We’re focused on decoder-only models because that’s what GPT-3, GPT-4, Claude, Llama, and most current language models are.
What You’ve Built
Let’s be specific about what your tiny model can and cannot do. After 500 steps on a 1KB text file, it has learned:
- Character-level frequency distributions
- Some common character sequences (it’ll rarely generate impossible sequences like “zxqjv”)

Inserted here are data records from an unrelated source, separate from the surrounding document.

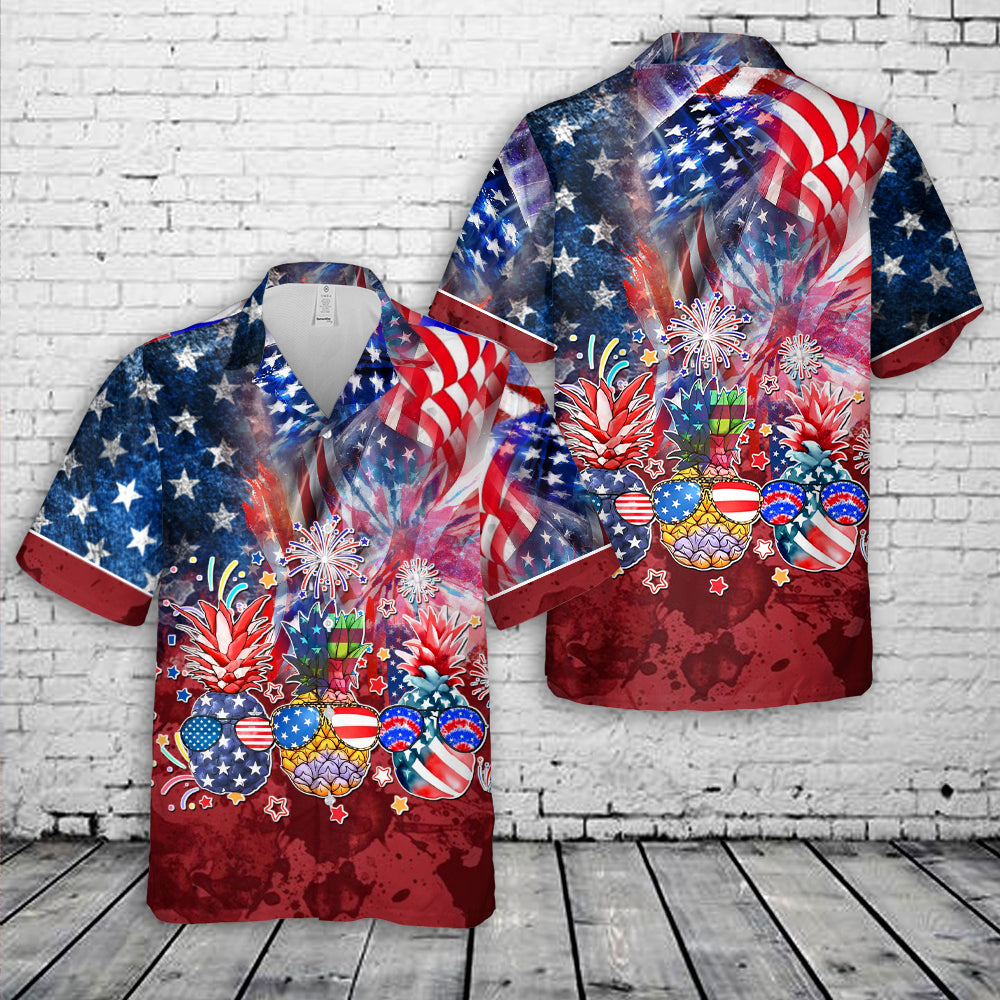 Patriotic Pineapple Sunglasses 4th Of July Hawaiian Shirt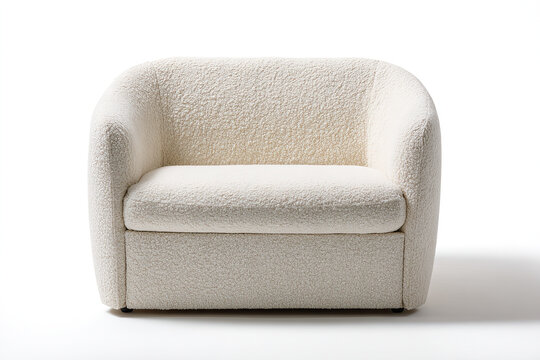 Plush cream boucl&eacute; armchair with rounded silhouette on white background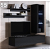 Conjunto de mueble con vitrina y mueble de TV de 160cm melamina negra brillante Leiko Domensino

- Very rough word-boundary patterns
It has not learned:
- Semantics
- Grammar
- Any facts about the world
That’s expected. The architecture is correct. What’s missing is scale — more data, more parameters, more training steps. The transformer you’ve built and the transformer powering GPT-4 are the same architecture; GPT-4 just has orders of magnitude more of everything.
That’s the honest secret of this field: the architecture itself is not that complicated. The scale is what creates the emergent capabilities. And scale requires training — which is the next chapter.